Thursday, June 19, 2014

"The damn thermometer is gone again. I only took my eyes off of her for two seconds and she gets it and now i can't find it. Sophia, why do you make mommies life difficult?".......At least your child is alive.
Those six words have made quite and impact on this (fairly) new mom in the past three weeks. I learned three weeks ago that a friend  lost his 16 year old in a horrible accident, he was hit by 5 cars (only one stopped, that infuriates me).  He was Autistic and prone to wandering. If you don't know, autistic children tend to wander. As they get older it gets harder and harder to keep them inside. This is no fault of his parents. They noticed he was missing when they went to check on him and promptly alerted the right authorities and spent hours looking for him. By the time someone called to report they had seen him it was too late.
After this weekend (his funeral), he will be forgotten by the media, by the curious people reading and watching for updates on him, and the general public. Life will go on for everyone. His family, though, will still be grieving, still be trying to make it through each day without him, and still learning their new normal. That sucks, plain and simple.
So why then, when I'm just a friend of the family, is this situation bothering me, almost borderline haunting me to the very core? Very simple, it changed me. It shook me. It SCARED me. Now I do realize that my child is only one and is not autistic, let alone walking, but does that truly matter? NO.

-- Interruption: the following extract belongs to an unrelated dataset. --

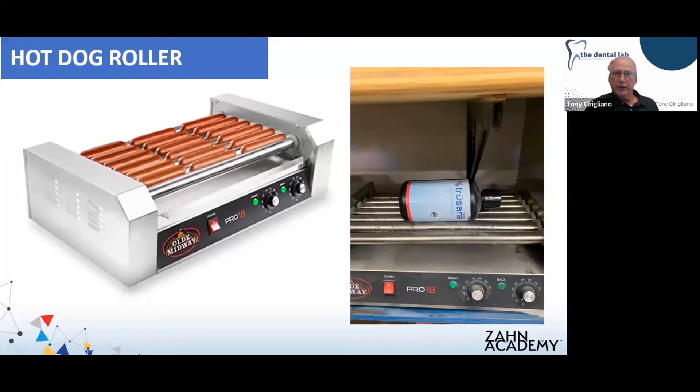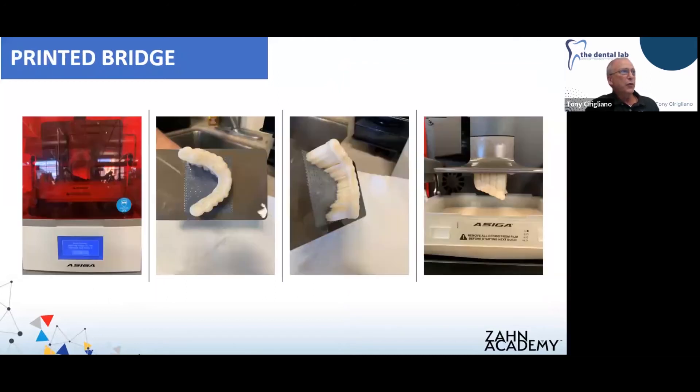There are six shades available right now: a bleach shade, A1, A2, A3, B1, and C1. It's highly recommended to mix the Trusana material very well prior to printing a case. We put it on the hot dog roller for about an hour prior — or if we know we have cases the next morning, we'll give it a good hour's worth of time on the roller to make sure those color pigments are very nicely dispersed through the material and you get a nice result on your print.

This situation has turned me into a better, slightly more paranoid (if that's even possible) mom. It reminded me that no matter what I do, I'm not in control of when it is my child's (or anyone's) time to go. That makes my blood go cold. It's also reminded me to enjoy every single second of my daughter's life.
Like many mom's, my favorite time of day used to be bed time. I won't lie, I still have my days where I can't wait until I have a moment to myself, but there aren't nearly as many as there used to be. I now feel so lucky to be able to play, sing, read, laugh, chase, and just be with my girl. Of course I still get annoyed for little reasons, but that little voice in my head reminds me what I have, and that annoyance quickly fades. I'm more grateful than I have ever been, and from now on will constantly be reminded just how lucky I truly am.
It took a tragedy to change my life for the better. It shouldn't have, but so be it. I now make sure that the first and last words my child hears in the morning and at night are "mommy and daddy love you more than anything". That's what she will be hearing for the rest of her life (even when she is 15 and swearing up and down that I'm too strict and ruining her life).
Rest in Peace Jeffery, I'll never forget you and I promise I'll never forget the very important lesson you taught me.